Digital review: The Quality of Mercy

Staged at the Courtyard Theatre and now available on Scenesaver, this solo play is deeply personal and unrelenting in its depiction of the last message of serial killer Dr Harold Shipman.

Edwin Flay, who is both writer and performer of this play, has a deep connection with Shipman’s crimes – his own grandmother was one of the victims.

You may feel at the start that Shipman’s motives were understandable; indeed, these are the arguments used for legal euthanasia, the right to remove unbearable pain .

Screencap from The Quality of Mercy

However, as Flay’s script progresses, it is clear that Shipman is tightening his own metaphorical noose by indulging his ego and his choice to ‘play God’.

On a video wall behind, each victim’s name is highlighted until we see a sea of names – each one a person who deserved to live, not to be dispatched without a thought.

For a doctor to have operated as a killer for nearly three decades (Shipman was the GP of a family friend in Hyde, who reported that he was “lovely”) without any suspicion is chilling.

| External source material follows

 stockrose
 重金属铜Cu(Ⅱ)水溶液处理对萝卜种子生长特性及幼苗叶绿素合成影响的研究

Screencap from The Quality of Mercy

This performance is mesmerising, but it won’t be this twisted and pathetic individual you will remember after the credits roll, but that wall of victims, for whom Shipman played both judge and jury.

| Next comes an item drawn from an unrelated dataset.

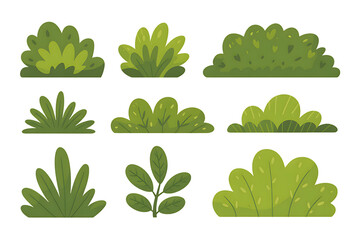 Collection of green bush illustrations isolated on transparent background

A modern horror story that nevertheless treats the victims with respect, with meticulous research on each, letting them have the voice they were denied.

Far from an easy watch, this show condemns its subject who eqates “help’ with ‘elation’ and hus professional skill as a grotesque ‘gift’.

Screencap from The Quality of Mercy

As a digital piece, one thing that would have made this more chilling and effective would be to include the names on the screen as we watch. An occasional camera pull-back is not the same.

I imagine sitting in the auditorium watching as the video screen grows more and more crowded gave a significant emotional heft to The Quality of Mercy.

You can watch The Quality of Mercy, directed by Bernie C Byrnes on Scenesaver now.